What did you expect to see?

No lockups.

What did you see instead?

Random lockups.

@dtelyukh
Copy link
Author

@dtelyukh dtelyukh commented Nov 12, 2020

Possible related issue #23559

@networkimprov
Copy link

@networkimprov networkimprov commented Nov 12, 2020

@fraenkel
Copy link
Contributor

@fraenkel fraenkel commented Nov 13, 2020

@dtelyukh We are going to need something that can reproduce the issue. It would also help to enable http2 debug and a thread dump when it hangs.

@fraenkel
Copy link
Contributor

@fraenkel fraenkel commented Nov 13, 2020

Your title says the bundled version of http2 has this issue. Are you implying that if you use the latest x/net/http2 you dont?

@dtelyukh
Copy link
Author

@dtelyukh dtelyukh commented Nov 13, 2020

@dtelyukh We are going to need something that can reproduce the issue. It would also help to enable http2 debug and a thread dump when it hangs.

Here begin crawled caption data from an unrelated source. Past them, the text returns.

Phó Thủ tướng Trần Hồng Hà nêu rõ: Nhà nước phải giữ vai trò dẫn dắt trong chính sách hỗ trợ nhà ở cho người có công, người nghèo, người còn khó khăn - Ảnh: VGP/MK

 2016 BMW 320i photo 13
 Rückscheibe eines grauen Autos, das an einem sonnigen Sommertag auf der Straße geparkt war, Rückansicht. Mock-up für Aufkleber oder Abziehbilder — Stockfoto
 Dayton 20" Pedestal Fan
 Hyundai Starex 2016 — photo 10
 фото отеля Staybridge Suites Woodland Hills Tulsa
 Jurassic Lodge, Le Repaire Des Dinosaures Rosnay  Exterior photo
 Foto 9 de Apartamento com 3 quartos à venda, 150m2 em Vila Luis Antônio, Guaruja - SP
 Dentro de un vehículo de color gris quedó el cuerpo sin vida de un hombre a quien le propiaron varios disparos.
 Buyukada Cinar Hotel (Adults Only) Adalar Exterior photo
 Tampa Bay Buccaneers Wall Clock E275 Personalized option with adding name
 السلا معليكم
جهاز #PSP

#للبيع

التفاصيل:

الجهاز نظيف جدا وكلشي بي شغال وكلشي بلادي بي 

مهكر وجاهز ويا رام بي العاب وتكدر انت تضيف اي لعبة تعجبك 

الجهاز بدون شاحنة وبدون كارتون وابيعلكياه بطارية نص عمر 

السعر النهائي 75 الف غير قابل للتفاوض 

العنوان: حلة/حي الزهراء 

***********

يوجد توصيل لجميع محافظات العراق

It's not easy to prepare code, which can reproduce this problem with 100% guarantee, but I think I could try.
Here is debug.log for GODEBUG=http2debug=2
http2.debug.log
and goroutines dump with pprof
goroutine.dump.log

Your title says the bundled version of http2 has this issue. Are you implying that if you use the latest x/net/http2 you dont?

h2_bundle.go used by third-party code. I didn't try to use x/net/http2 directly. Do you mean that I should do that?

@fraenkel
Copy link
Contributor

@fraenkel fraenkel commented Nov 13, 2020

Don't worry. I am going to need something that can reproduce this issue.
I can see why nothing is making progress but I don't know why.
The debug log is incomplete or slightly broken, but from what I do see there is an oddity.

2020/11/13 10:44:00 http2: Framer 0xc000af61c0: read HEADERS flags=END_STREAM|END_HEADERS|PRIORITY stream=1511 len=21
2020/11/13 10:44:00 http2: Framer 0xc000af61c0: wrote PUSH_PROMISE flags=END_HEADERS stream=1511 len=293
2020/11/13 10:44:00 http2: Framer 0xc000af61c0: read PRIORITY stream=314 len=5
2020/11/13 10:44:00 http2: Framer 0xc000af61c0: wrote PUSH_PROMISE flags=END_HEADERS stream=1511 len=33
2020/11/13 10:44:00 http2: Framer 0xc000af61c0: wrote HEADERS flags=END_HEADERS stream=314 len=120
2020/11/13 10:44:00 http2: Framer 0xc000af61c0: wrote PUSH_PROMISE flags=END_HEADERS stream=1511 len=44
2020/11/13 10:44:00 http2: Framer 0xc000af61c0: wrote HEADERS flags=END_HEADERS stream=316 len=115

Notice the stream for the PUSH is 1511 but the above is the first time I see that Framer. And the rest are in the 300s. I don't exactly see how this happened.
There are multiple PUSH_PROMISE all with the same stream id which is also odd.

@dtelyukh
Copy link
Author

@dtelyukh dtelyukh commented Nov 13, 2020

I truncated log-file after each successful request until it was hanged. Maybe that is why the log-file was broken.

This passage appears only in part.